In the United States, cursive writing is disappearing from the basic curriculum in forty-one states. Do we really need to teach cursive writing in the new age of keyboarding, texting and video-mail?
This article shares some of the current realities about cursive writing. Please notice the comments at the end from educators and the very practical reasons that cursive should always be taught. Besides, a handwritten note is elegant and gracious when it is written in cursive.
We’ll never forget our third-grade report card. Accustomed to getting mostly “Es” for excellent, we were shocked to see an “N” for penmanship. As in, needs improvement.
Decades later, this sort of grade isn’t even on many report cards, as schools across the country are dropping cursive handwriting from their curricula, ABC News reports.

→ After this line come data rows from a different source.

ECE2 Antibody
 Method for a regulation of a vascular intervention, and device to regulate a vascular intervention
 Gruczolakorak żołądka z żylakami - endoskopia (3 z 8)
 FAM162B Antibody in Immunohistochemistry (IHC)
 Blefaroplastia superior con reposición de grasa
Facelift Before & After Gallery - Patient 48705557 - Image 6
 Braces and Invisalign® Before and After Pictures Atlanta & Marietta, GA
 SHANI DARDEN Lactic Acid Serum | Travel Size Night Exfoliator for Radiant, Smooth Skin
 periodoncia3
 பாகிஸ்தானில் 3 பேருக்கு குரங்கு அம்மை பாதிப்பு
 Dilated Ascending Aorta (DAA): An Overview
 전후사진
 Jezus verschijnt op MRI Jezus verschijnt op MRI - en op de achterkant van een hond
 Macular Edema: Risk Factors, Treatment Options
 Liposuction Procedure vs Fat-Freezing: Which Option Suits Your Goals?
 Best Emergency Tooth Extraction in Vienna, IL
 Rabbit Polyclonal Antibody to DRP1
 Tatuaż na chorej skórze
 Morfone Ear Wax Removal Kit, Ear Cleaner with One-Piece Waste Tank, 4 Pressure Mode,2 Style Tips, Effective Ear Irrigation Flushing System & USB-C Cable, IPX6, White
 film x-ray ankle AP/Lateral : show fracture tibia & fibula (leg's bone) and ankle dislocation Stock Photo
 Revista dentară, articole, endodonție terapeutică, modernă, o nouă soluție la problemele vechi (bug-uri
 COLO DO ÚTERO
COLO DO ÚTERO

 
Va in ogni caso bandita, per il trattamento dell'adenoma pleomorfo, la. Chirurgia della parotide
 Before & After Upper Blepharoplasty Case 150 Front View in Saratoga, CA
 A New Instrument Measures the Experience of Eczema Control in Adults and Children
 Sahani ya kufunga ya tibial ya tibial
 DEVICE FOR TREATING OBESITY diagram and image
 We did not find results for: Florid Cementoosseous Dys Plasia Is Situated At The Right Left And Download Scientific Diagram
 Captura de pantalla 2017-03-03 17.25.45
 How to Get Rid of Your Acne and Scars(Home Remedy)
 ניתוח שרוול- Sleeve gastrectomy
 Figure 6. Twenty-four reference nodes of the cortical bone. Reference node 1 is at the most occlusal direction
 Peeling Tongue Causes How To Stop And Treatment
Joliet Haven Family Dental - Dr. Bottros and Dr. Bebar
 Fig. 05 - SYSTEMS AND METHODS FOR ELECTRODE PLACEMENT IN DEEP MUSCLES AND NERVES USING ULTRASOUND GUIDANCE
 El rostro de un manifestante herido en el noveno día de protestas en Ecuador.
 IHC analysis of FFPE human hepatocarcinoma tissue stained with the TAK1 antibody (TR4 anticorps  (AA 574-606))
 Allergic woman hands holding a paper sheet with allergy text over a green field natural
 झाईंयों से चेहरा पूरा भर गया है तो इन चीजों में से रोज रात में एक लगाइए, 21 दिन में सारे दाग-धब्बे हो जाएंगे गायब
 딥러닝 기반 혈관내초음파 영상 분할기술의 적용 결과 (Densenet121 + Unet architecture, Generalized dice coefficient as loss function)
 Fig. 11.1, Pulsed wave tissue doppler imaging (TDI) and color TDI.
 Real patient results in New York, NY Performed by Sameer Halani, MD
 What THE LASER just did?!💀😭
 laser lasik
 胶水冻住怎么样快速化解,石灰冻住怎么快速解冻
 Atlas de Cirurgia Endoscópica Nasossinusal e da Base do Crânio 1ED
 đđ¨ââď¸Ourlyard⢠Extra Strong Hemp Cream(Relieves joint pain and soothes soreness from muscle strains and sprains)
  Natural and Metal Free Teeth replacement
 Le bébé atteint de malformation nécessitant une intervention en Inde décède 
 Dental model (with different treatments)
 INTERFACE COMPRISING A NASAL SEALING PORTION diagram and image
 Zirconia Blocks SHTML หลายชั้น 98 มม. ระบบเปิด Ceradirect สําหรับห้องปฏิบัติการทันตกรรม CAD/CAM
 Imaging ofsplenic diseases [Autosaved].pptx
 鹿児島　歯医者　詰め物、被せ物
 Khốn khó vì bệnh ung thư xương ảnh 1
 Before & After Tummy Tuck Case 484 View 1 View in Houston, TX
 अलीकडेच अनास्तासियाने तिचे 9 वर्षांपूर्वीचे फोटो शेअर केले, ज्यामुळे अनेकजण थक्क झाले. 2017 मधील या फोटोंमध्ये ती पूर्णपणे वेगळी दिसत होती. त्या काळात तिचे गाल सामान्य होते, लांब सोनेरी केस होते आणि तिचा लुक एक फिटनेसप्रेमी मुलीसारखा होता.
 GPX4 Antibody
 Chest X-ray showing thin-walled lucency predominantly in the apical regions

Forty-one states have adopted the new Common Core State Standards for English, which does not require cursive. States are allowed the option of re-including cursive, which is what Massachusetts and California have done.
In Georgia, teachers and administrators will meet in March to discuss scratching script from their lesson plans, Georgia Department of Education spokesman Matt Cardoza told ABC.
In some regards, we think this makes sense. There are very few occasions in “real life” in which one is required to use cursive nowadays. We most commonly sign our name on bills, and even this practice will probably be ancient history pretty soon. In fact, we use cursive so infrequently that when we do, our hand starts to hurt.
But in other respects, it’s kind of sad. Beautiful handwriting is … beautiful. And it’s a personal mark of who you are much more so than a typed e-mail.
Lisa Faircloth, a stay-at-home mother of two in Atlanta, is happy that her 7-year-old son Joe learned cursive.
“I feel like it has helped him with his fine motor skills and made him more graceful,” she told ABC. “He shows more of an interest in art because he is able to form things he hadn’t before and has new muscle movements that he didn’t know before.”
Faircloth is on to something. Associate professor Anne Mangen at the University of Stavanger’s Reading Center says cursive is key to a child’s development.
“Handwriting seems, based on empirical evidence from neuroscience, to play a larger role in the visual recognition and learning of letters [than typewriting]” she told ABC.
While it’s certainly important to learn how to type quickly and accurately, kids should probably learn how to legibly sign their name before they head to junior high.